[Image-text web data]
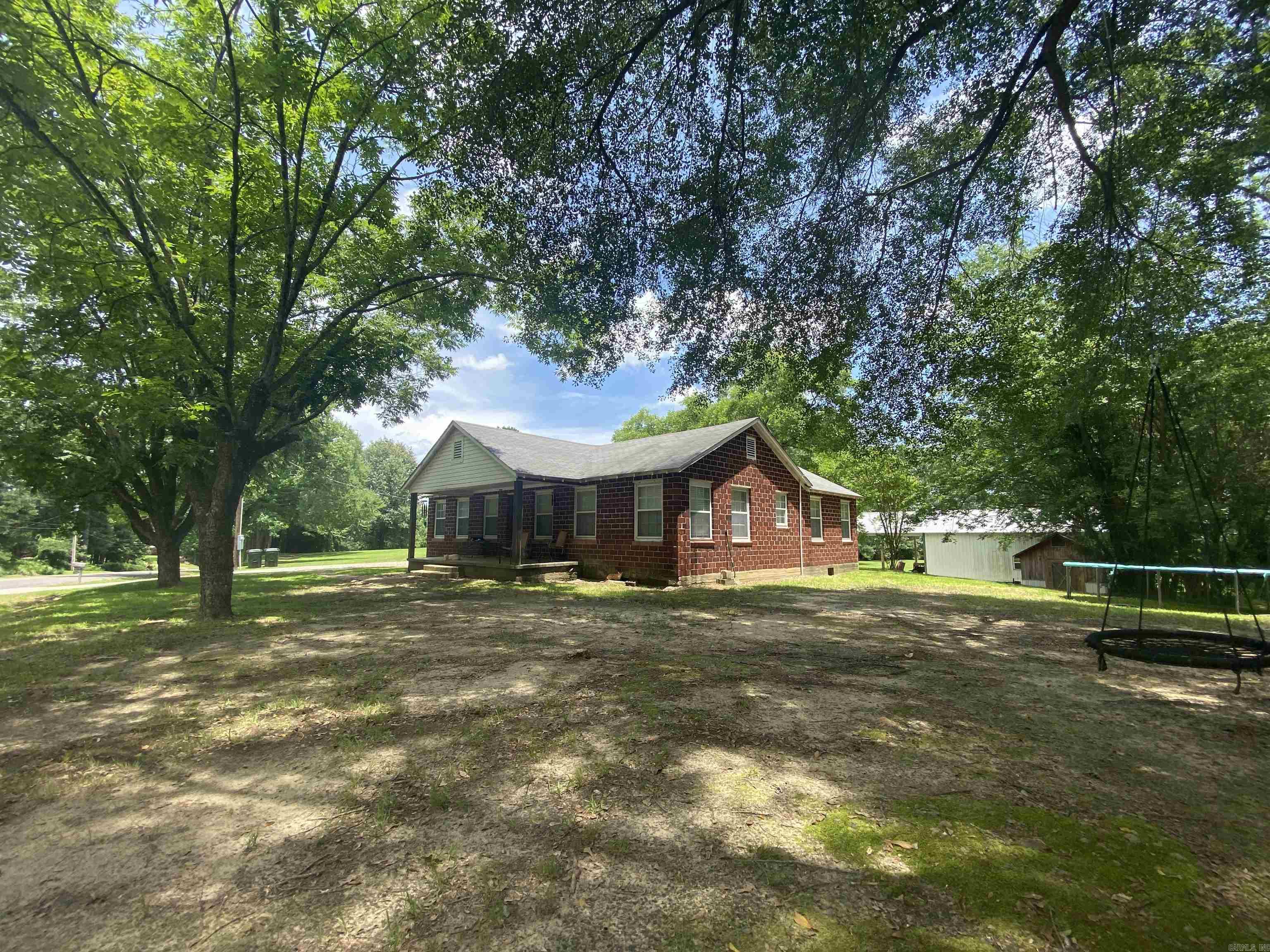 1395 Highway 317  Lockesburg, AR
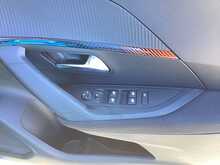 Peugeot E-2008 Active Premium + - U44230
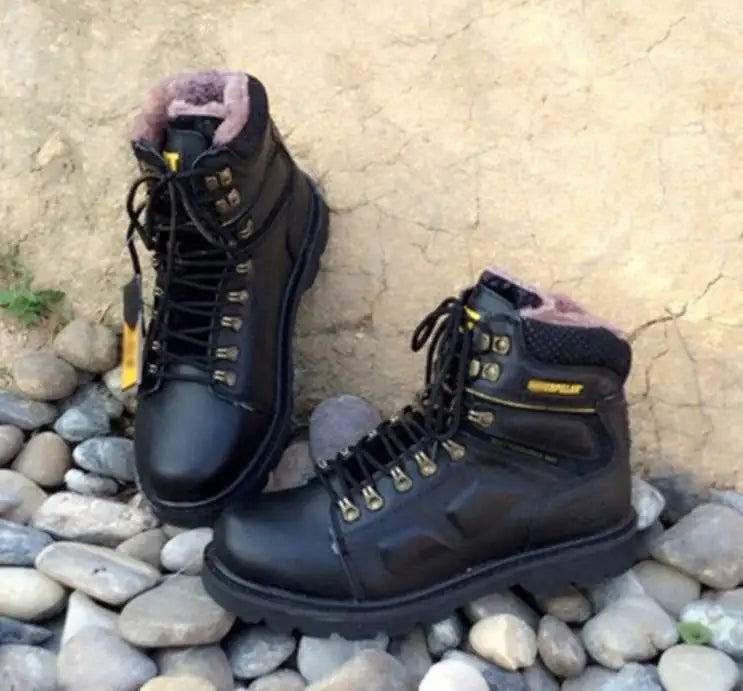 Men's Hiking Shoes with Foot Protection and Safety Features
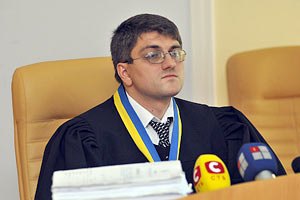 Судья Киреев отпустил под личное обязательство взяточников из Нацсовета по телевидению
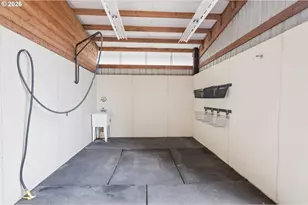 33670 McKenzie View Dr, Eugene, OR 97408 - Photo 42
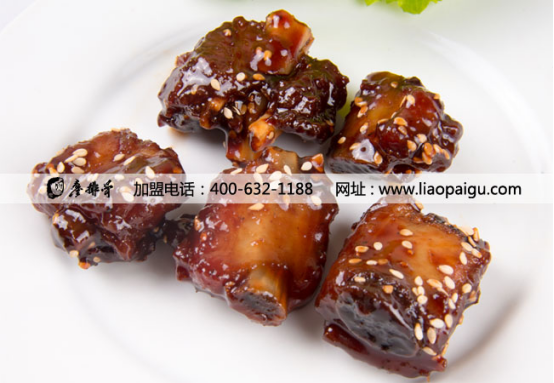 　　选择廖排骨熟食卤菜加盟 为自己创造更多的财富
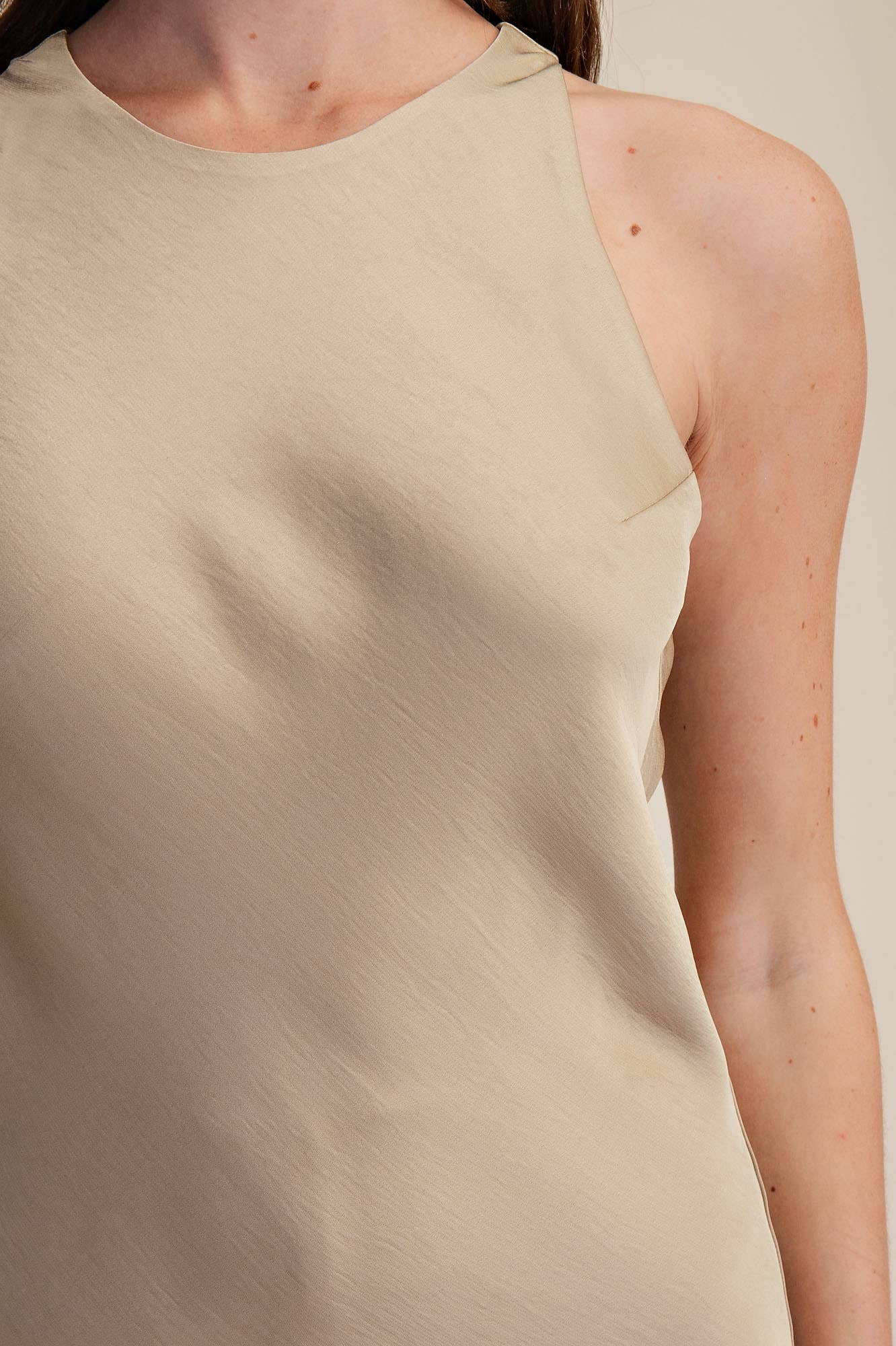 GLAM - Round-Neck Sleeveless Minimalist Top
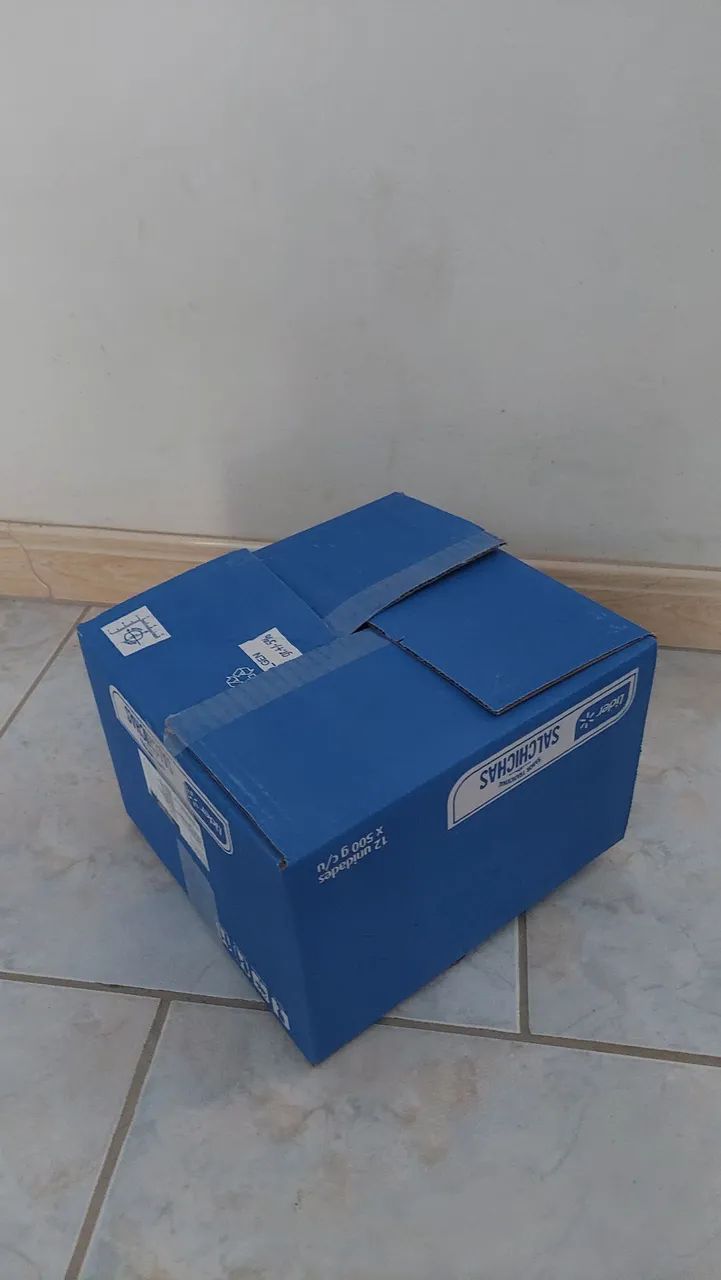 Cardboard box64313658449410120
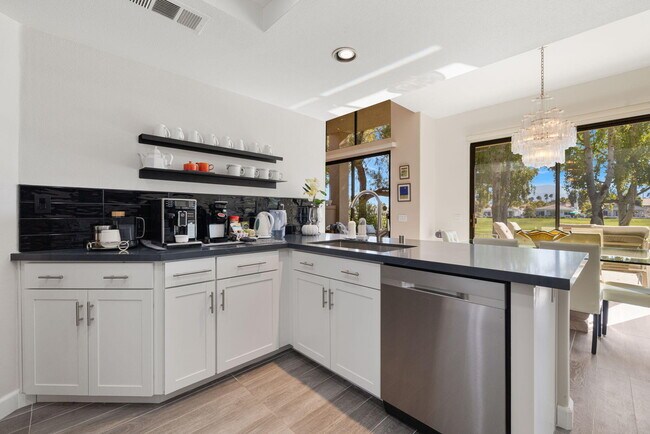 Building Photo - 54283 Shoal Creek
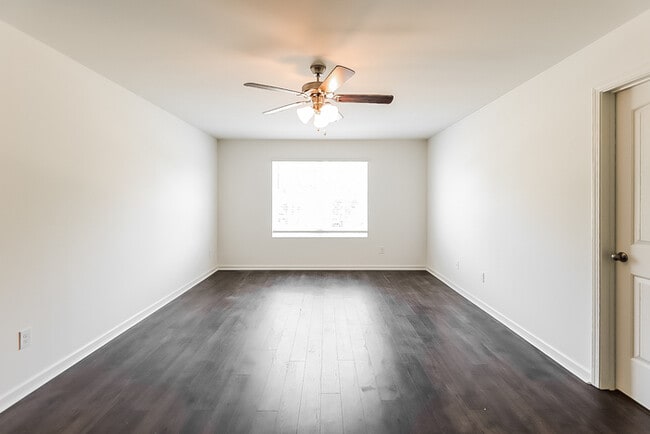 Photo - 5749 Timber Leaf Lp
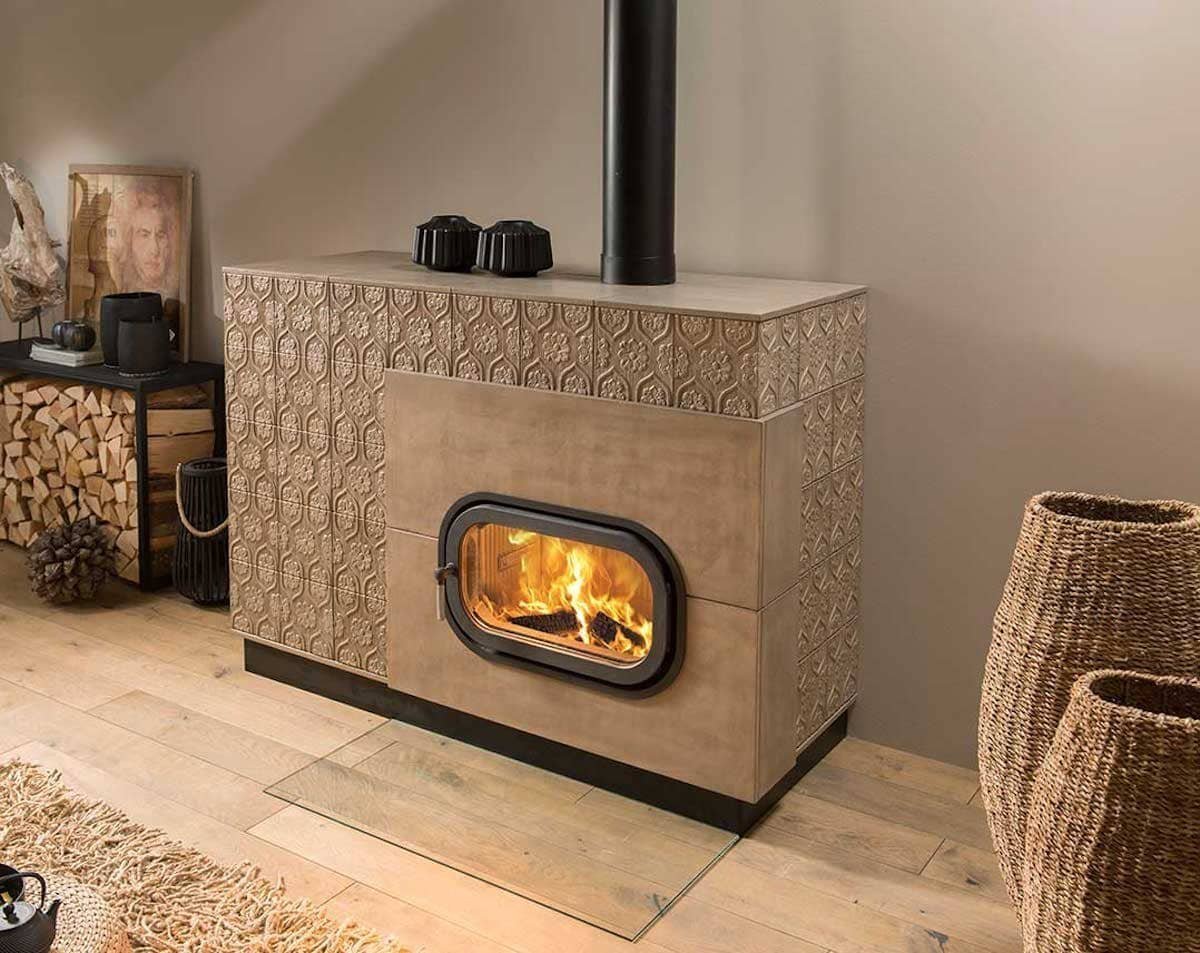 Naším cílem je navrhovat a stavět originální a přitom vysoce funkční kamna, krby, kachlové pece a sporáky ušité na míru všem, kteří touží přivést teplo do…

• Work required:
Exactly what appears in the records above must be returned, apart from the pictures.

• Reply to the task:
 1395 Highway 317  Lockesburg, AR
 Peugeot E-2008 Active Premium + - U44230
 Men's Hiking Shoes with Foot Protection and Safety Features
 Судья Киреев отпустил под личное обязательство взяточников из Нацсовета по телевидению
 33670 McKenzie View Dr, Eugene, OR 97408 - Photo 42
 　　选择廖排骨熟食卤菜加盟 为自己创造更多的财富
 GLAM - Round-Neck Sleeveless Minimalist Top
 Cardboard box64313658449410120
 Building Photo - 54283 Shoal Creek
 Photo - 5749 Timber Leaf Lp
 Naším cílem je navrhovat a stavět originální a přitom vysoce funkční kamna, krby, kachlové pece a sporáky ušité na míru všem, kteří touží přivést teplo do…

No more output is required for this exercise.